**Exercise brief**
Of all the lines in the entries below, give again exactly those starting at the line containing "The Church of" and ending at the line containing "画像5: ct-191211-35 Mickey", both ends included, and no others.

**Records for the task**
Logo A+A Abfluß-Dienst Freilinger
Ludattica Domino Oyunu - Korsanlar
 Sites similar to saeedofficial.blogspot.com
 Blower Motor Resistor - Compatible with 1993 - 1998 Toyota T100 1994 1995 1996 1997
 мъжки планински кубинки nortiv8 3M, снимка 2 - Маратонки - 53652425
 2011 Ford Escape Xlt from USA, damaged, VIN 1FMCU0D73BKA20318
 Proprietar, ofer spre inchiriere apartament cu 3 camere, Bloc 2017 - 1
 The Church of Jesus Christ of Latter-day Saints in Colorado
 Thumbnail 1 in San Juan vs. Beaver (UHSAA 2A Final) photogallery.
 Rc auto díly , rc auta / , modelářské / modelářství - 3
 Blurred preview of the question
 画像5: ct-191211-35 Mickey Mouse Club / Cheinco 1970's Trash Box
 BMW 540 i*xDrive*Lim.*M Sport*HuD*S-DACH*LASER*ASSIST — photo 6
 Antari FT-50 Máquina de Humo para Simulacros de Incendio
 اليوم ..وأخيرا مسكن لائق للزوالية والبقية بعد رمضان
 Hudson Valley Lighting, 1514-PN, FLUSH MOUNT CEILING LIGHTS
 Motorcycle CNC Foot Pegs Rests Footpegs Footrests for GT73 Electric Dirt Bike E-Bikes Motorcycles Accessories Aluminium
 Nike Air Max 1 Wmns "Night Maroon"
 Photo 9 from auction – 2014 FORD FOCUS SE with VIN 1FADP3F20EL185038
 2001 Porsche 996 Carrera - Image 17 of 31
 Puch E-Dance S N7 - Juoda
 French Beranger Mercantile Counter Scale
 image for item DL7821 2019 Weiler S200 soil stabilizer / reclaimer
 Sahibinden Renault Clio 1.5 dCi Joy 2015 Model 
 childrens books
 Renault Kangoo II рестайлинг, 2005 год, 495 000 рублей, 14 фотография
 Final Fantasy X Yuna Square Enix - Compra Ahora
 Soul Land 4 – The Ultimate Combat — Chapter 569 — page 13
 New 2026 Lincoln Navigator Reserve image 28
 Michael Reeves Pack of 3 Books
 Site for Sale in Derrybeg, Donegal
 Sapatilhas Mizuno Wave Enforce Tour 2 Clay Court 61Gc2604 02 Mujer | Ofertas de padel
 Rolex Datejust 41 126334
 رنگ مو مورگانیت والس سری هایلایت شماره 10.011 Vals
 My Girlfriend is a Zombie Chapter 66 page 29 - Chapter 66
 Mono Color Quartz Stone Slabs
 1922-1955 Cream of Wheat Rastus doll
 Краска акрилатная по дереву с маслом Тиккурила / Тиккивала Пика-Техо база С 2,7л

**Answer space**
 The Church of Jesus Christ of Latter-day Saints in Colorado
 Thumbnail 1 in San Juan vs. Beaver (UHSAA 2A Final) photogallery.
 Rc auto díly , rc auta / , modelářské / modelářství - 3
 Blurred preview of the question
 画像5: ct-191211-35 Mickey Mouse Club / Cheinco 1970's Trash Box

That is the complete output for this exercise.